Australian e-Health Research Centre, CSIRO, UQ Health Sciences Building 901/16, Royal Brisbane and Women's Hospital, Herston, 4029, Australia.
Melbourne Genomics Health Alliance, Walter and Eliza Hall Institute, 1G Royal Parade, Parkville, 3052, Australia; Department of Paediatrics, University of Melbourne, Flemington Road, Parkville, 3052, Australia.
Patient Educ Couns. 2021 Apr;104(4):739-749. doi: 10.1016/j.pec.2020.11.007. Epub 2020 Nov 10.
To support informed decision-making about reanalysis of clinical genomic data for risk of preventable conditions ('additional findings') by developing a chatbot (electronic genetic resource, 'eDNA').
Interactions in pre-test genetic counseling sessions (13.5 h) about additional findings were characterized using proponent, thematic and semantic analyses of transcripts. We then wrote interfaces to draw supplementary data from external genetics applications. To create Edna, this content was programmed using a chatbot framework which interacts with patients via speech-to-text.
Conditions, terms, explanations of concepts, and key factors to consider in decision making were all encoded into chatbot conversations emulating counseling session flows. Patient agency can be enhanced by prompted consideration of the personal and familial implications of testing. Similarly, health literacy can be broadened through explanation of genetic conditions and terminology. Novel aspects include sentiment analysis and collection of family history. Medical advice and the impact of existing genetic conditions were deemed inappropriate for inclusion.
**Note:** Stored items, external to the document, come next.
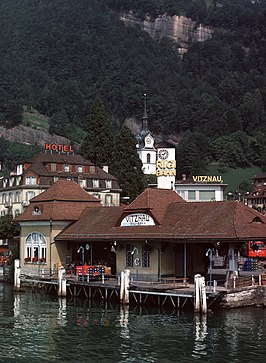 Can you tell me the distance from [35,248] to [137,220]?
14.4m

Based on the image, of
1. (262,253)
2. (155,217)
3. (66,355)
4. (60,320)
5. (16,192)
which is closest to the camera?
(66,355)

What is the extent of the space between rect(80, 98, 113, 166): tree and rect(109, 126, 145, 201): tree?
568 cm

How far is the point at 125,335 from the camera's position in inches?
1827

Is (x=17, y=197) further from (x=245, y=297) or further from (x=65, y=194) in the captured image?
(x=245, y=297)

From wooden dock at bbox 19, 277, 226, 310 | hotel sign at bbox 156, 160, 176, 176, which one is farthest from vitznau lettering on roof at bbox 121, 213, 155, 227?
hotel sign at bbox 156, 160, 176, 176

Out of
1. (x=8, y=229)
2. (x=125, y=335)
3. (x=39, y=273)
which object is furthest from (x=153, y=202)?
(x=8, y=229)

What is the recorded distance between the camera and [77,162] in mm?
118750

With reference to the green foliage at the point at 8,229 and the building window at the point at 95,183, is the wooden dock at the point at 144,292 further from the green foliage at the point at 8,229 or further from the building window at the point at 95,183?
the building window at the point at 95,183

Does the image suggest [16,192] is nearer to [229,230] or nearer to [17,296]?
[17,296]

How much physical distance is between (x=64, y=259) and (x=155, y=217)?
13320 mm

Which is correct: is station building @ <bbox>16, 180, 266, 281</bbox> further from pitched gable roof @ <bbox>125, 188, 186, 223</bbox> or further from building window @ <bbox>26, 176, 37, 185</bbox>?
building window @ <bbox>26, 176, 37, 185</bbox>

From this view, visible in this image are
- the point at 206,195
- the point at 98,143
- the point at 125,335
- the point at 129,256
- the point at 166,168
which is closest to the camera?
the point at 125,335

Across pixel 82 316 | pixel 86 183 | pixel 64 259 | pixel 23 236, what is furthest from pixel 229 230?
pixel 86 183

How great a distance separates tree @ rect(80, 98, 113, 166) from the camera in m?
130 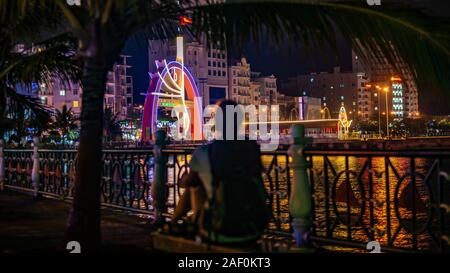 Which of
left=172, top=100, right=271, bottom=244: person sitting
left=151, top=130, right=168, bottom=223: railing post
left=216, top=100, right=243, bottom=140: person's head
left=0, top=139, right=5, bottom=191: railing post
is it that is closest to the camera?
left=172, top=100, right=271, bottom=244: person sitting

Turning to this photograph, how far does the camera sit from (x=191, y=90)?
276 feet

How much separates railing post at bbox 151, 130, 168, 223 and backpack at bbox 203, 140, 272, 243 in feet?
12.1

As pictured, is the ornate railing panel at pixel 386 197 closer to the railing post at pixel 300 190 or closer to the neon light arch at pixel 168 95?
the railing post at pixel 300 190

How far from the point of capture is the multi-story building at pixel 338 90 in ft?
563

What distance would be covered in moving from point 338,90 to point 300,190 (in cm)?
17658

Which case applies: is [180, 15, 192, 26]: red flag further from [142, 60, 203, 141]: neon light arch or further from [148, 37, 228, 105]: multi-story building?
[148, 37, 228, 105]: multi-story building

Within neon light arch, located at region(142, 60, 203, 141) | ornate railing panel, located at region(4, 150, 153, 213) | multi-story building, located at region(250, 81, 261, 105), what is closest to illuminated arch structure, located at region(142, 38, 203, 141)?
neon light arch, located at region(142, 60, 203, 141)

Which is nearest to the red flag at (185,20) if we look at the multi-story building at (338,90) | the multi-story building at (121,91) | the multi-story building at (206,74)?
the multi-story building at (121,91)

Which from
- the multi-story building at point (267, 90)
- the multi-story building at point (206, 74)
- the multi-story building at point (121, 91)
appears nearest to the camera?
the multi-story building at point (121, 91)

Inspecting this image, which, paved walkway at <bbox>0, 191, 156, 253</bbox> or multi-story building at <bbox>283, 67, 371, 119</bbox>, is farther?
multi-story building at <bbox>283, 67, 371, 119</bbox>

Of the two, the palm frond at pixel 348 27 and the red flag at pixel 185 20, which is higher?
the red flag at pixel 185 20

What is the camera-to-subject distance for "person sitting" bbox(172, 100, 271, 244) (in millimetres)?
4172

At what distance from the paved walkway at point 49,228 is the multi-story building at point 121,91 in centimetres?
10429
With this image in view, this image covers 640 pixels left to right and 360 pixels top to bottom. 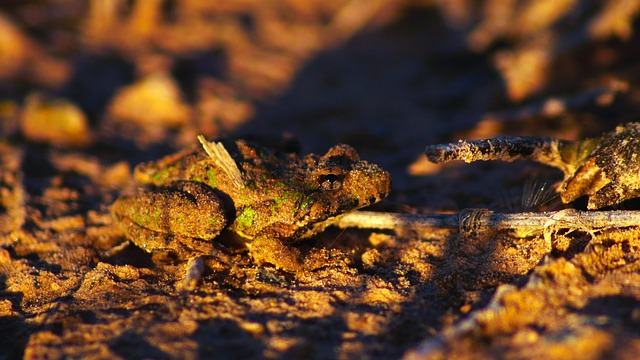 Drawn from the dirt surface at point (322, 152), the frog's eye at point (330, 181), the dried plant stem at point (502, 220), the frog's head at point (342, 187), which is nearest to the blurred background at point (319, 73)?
the dirt surface at point (322, 152)

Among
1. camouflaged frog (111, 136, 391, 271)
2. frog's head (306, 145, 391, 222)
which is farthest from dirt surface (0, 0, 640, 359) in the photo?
frog's head (306, 145, 391, 222)

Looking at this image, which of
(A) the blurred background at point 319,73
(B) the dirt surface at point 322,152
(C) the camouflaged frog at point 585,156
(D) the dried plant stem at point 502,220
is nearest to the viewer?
(B) the dirt surface at point 322,152

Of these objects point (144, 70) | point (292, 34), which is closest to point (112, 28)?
point (144, 70)

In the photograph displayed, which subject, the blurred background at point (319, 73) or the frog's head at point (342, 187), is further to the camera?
the blurred background at point (319, 73)

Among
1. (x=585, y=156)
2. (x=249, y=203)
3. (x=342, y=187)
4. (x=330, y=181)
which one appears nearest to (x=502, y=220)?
(x=585, y=156)

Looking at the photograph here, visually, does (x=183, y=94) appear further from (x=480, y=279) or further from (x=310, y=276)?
(x=480, y=279)

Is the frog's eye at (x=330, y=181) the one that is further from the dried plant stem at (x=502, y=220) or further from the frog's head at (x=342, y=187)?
the dried plant stem at (x=502, y=220) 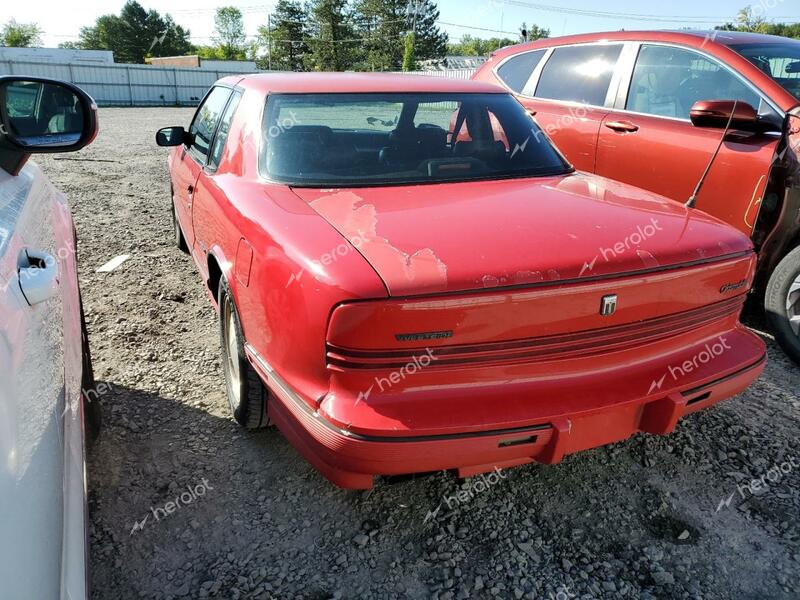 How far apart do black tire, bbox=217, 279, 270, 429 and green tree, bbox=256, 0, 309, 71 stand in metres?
73.3

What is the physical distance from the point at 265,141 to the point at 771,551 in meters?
2.73

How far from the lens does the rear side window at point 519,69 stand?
18.0ft

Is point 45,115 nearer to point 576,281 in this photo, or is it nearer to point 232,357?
point 232,357

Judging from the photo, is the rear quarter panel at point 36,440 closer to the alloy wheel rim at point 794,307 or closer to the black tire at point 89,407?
the black tire at point 89,407

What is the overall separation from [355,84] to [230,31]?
111549mm

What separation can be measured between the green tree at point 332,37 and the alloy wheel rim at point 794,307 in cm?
6668

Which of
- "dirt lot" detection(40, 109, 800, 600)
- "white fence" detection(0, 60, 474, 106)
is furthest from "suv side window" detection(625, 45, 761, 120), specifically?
"white fence" detection(0, 60, 474, 106)

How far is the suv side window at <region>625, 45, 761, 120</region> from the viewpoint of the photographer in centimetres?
399

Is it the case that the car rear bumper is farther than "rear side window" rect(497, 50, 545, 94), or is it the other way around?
"rear side window" rect(497, 50, 545, 94)

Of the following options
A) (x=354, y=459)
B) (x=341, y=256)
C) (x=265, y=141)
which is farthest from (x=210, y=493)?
(x=265, y=141)

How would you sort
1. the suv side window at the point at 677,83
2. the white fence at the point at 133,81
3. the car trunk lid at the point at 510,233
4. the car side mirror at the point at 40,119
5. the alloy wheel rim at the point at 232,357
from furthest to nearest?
the white fence at the point at 133,81, the suv side window at the point at 677,83, the alloy wheel rim at the point at 232,357, the car trunk lid at the point at 510,233, the car side mirror at the point at 40,119

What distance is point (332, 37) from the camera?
66.0 metres

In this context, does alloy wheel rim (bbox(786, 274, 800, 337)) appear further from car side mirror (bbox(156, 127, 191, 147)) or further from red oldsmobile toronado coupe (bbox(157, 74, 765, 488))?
car side mirror (bbox(156, 127, 191, 147))

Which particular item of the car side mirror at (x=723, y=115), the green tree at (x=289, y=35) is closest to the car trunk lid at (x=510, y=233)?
the car side mirror at (x=723, y=115) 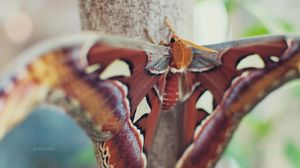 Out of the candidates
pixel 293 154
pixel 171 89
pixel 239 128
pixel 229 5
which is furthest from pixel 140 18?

Edna's successful development represents a movement towards accessible, acceptable and well-supported digital health processes for patients to make informed decisions for additional findings.
Edna complements genetic counseling by collecting and providing genomic information before or after pre-test consultations.
通过开发一个聊天机器人(电子遗传资源,“eDNA”)来支持对临床基因组数据进行重新分析以预防可预防疾病(“附加发现”)的决策。
通过对转录本进行支持者、主题和语义分析,对附加发现的预测试遗传咨询会议(13.5 小时)中的交互进行了描述。然后,我们编写了接口来从外部遗传应用程序中提取补充数据。为了创建 Edna,我们使用聊天机器人框架通过语音转文本与患者进行交互来编程此内容。
将条件、术语、概念解释以及决策中需要考虑的关键因素都编码到了模仿咨询会议流程的聊天机器人对话中。通过提示患者考虑测试对个人和家庭的影响,可以增强患者的代理能力。同样,通过解释遗传条件和术语,可以拓宽健康素养。新颖的方面包括情感分析和家族史收集。医学建议和现有遗传状况的影响被认为不适合包含在内。
Edna 的成功开发代表了一种可访问、可接受和有充分支持的数字健康流程,使患者能够为附加发现做出明智的决策。
Edna 通过在预测试咨询之前或之后收集和提供基因组信息来补充遗传咨询。